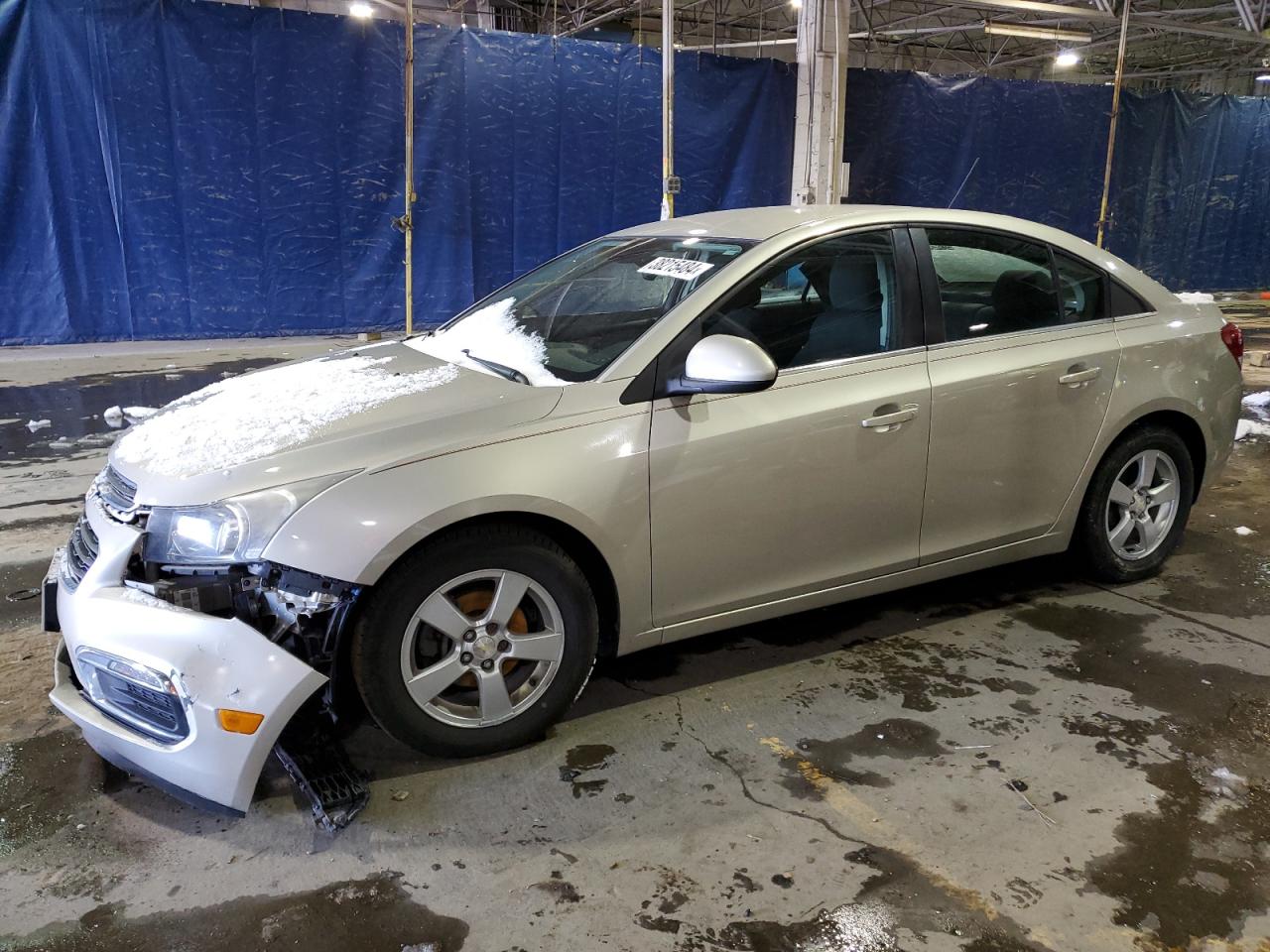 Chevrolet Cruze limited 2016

──────────────────────────────

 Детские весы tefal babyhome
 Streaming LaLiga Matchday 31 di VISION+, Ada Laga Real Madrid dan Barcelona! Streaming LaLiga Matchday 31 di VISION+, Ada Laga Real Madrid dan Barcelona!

──────────────────────────────

**Your task:** Of the entries listed above, reproduce only the lines starting at the line containing "Детские весы tefal babyhome" and ending at the line containing "dan Barcelona! Streaming". Include both, exactly as they stand.

**Answer box:**
 Детские весы tefal babyhome
 Streaming LaLiga Matchday 31 di VISION+, Ada Laga Real Madrid dan Barcelona! Streaming LaLiga Matchday 31 di VISION+, Ada Laga Real Madrid dan Barcelona!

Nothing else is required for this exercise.